Artificial intelligences are advancing at an overwhelming pace. They have more functions, can do more things, and to a certain extent, one could say they are more ‘intelligent.’ However, as many people know, this is due to the immense amounts of data that companies use to train their AI. Data that often comes from rather… controversial sources.
“A few months ago, we discussed how many AI systems generating art used works from various artists to train without their consent. This week, it’s been revealed that Meta has done something similar to train its new AI-powered virtual assistant, Meta AI.
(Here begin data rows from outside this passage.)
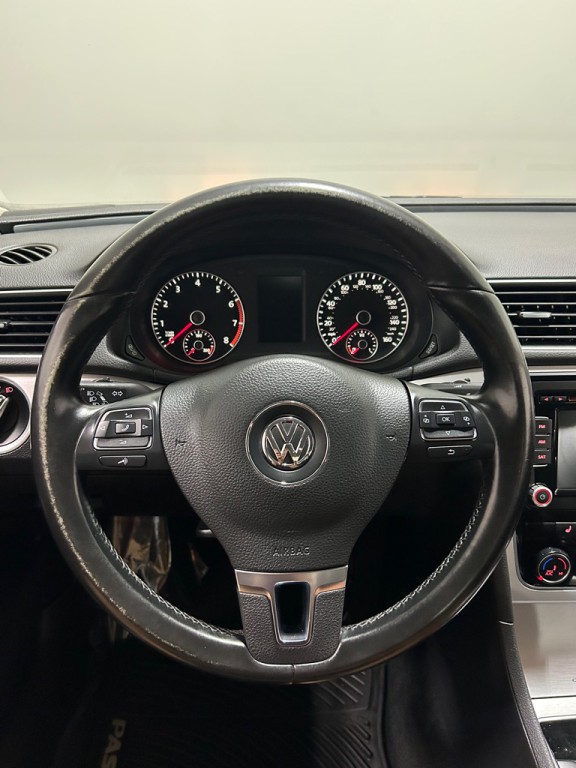2013 Volkswagen Passat Image 15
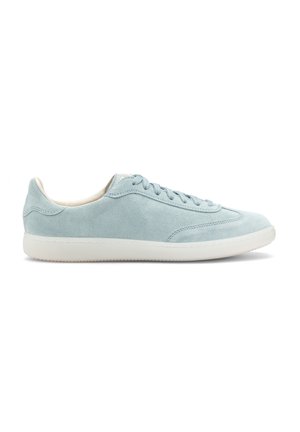 - Sneakersy niskie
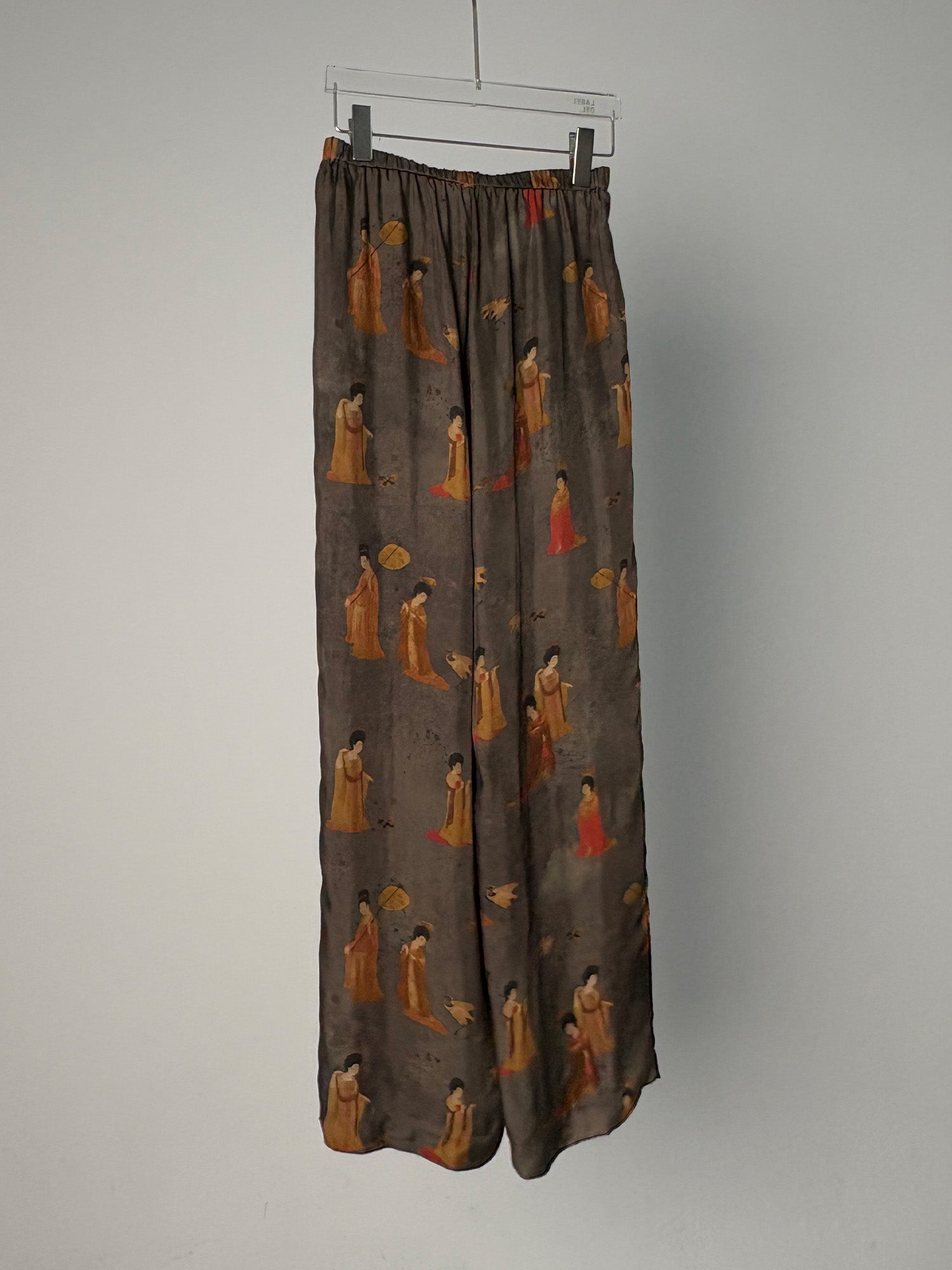 LABELDEL 25SS簪花仕女图铜氨印花长裤白底图2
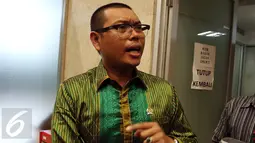 Anggota Komisi VII DPR, Mukhtar Tompo memberikan keterangan pers usai Rapat Dengar Pendapat di Gedung DPR/MPR, Jakarta, Kamis (9/2). Mukhtar mengaku mendapat perlakuan yang tidak menyenangkan dari Dirut PT Freeport Indonesia (Liputan6.com/Johan Tallo)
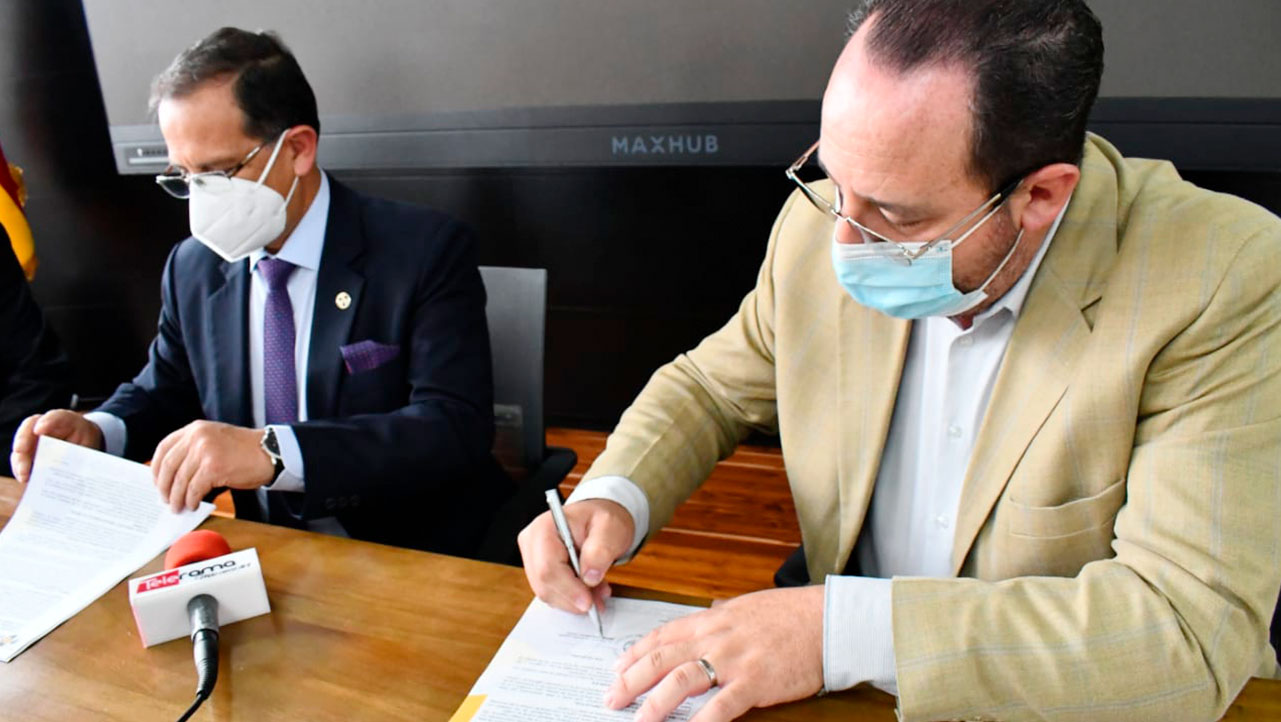 Momento de la firma del convenio entre Fernando Moscoso (izq.) y Adriano Vintimilla (der.)
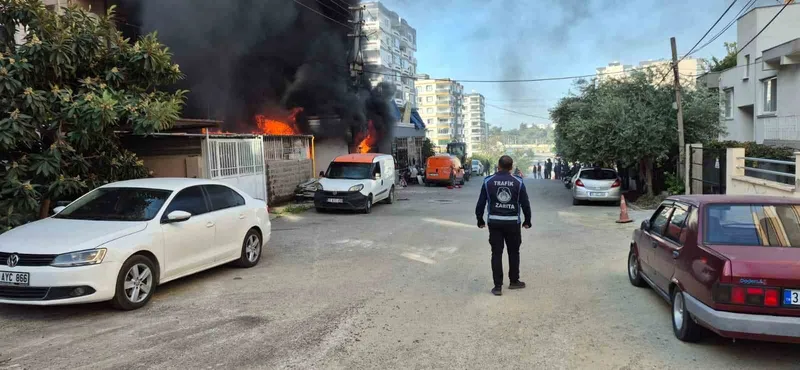 İş yerinde başlayan yangında alevler eve sıçradı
As acknowledged by Meta’s Vice President of Global Affairs, Nick Clegg, during the annual Meta Connect conference, the company used posts from Facebook and Instagram users to train its new artificial intelligence. However, the company asserts that private posts and users’ chat messages were not utilized.”
“We have tried to exclude datasets where personal information predominates,” stated Clegg, in statements reported by Reuters, who wanted to make it clear that the “vast majority” of the data used by Meta for training were public.
Moreover, the executive asserts that Meta took measures during this training process to ensure filtering out private details of users from the public datasets used. However, it is unknown what exactly the company considers as ‘public’ or ‘private,’ and whether the AI has been trained on sensitive data.”
“Meta’s statements come at a time when many major tech companies, such as OpenAI or Google, have been criticized by both users and regulatory bodies for using information extracted from the internet without permission to train their AI systems.”